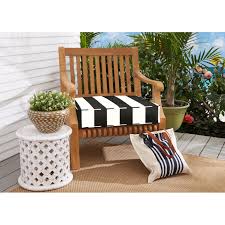 Black and white striped outdoor sofa. Sunbrella Black White Stripes Outdoor Deep Seating Cushion By Havenside Home On Sale Overstock 28889988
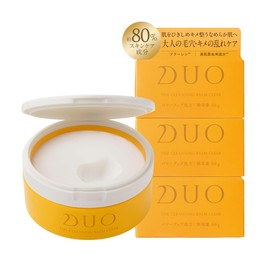 DUO The Cleansing Balm, Clear, 2.3 oz (66 g) x 3 Pieces, Yellow Balm, Cleansing, Pores, Makeup Removal, Makeup Removal, Skin Care, Waterproof, No Face Wash Necessary, Duo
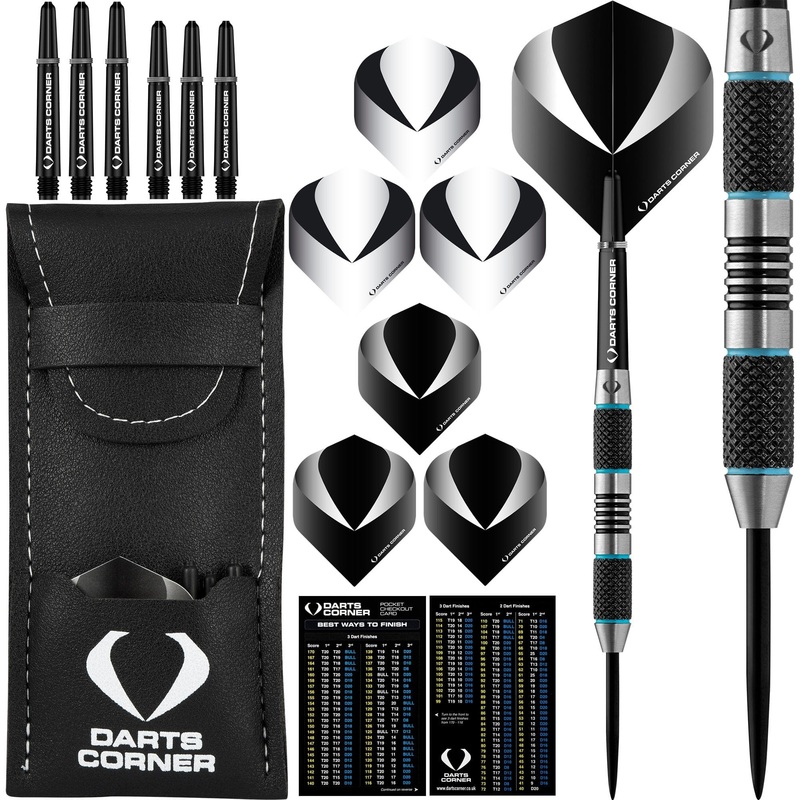 *Darts Corner Marine Darts – Steel Tip – M1 – Aqua Black 22g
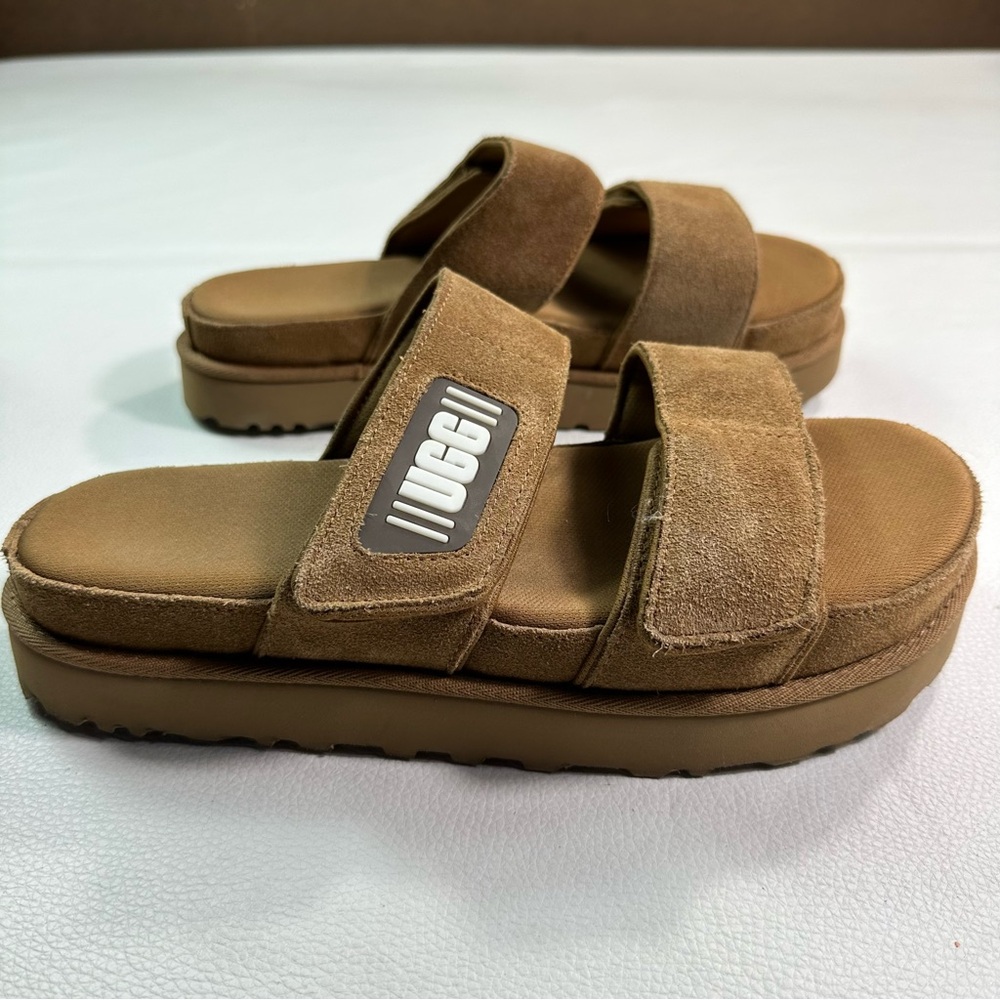 UGG Greer Suede Slip On Platform Sandals - Picture 4 of 7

★ ★ ★

- The problem: Pass over the images and copy the rest of the material above exactly.

- Task output:
 Black and white striped outdoor sofa. Sunbrella Black White Stripes Outdoor Deep Seating Cushion By Havenside Home On Sale Overstock 28889988
 DUO The Cleansing Balm, Clear, 2.3 oz (66 g) x 3 Pieces, Yellow Balm, Cleansing, Pores, Makeup Removal, Makeup Removal, Skin Care, Waterproof, No Face Wash Necessary, Duo
 *Darts Corner Marine Darts – Steel Tip – M1 – Aqua Black 22g
 UGG Greer Suede Slip On Platform Sandals - Picture 4 of 7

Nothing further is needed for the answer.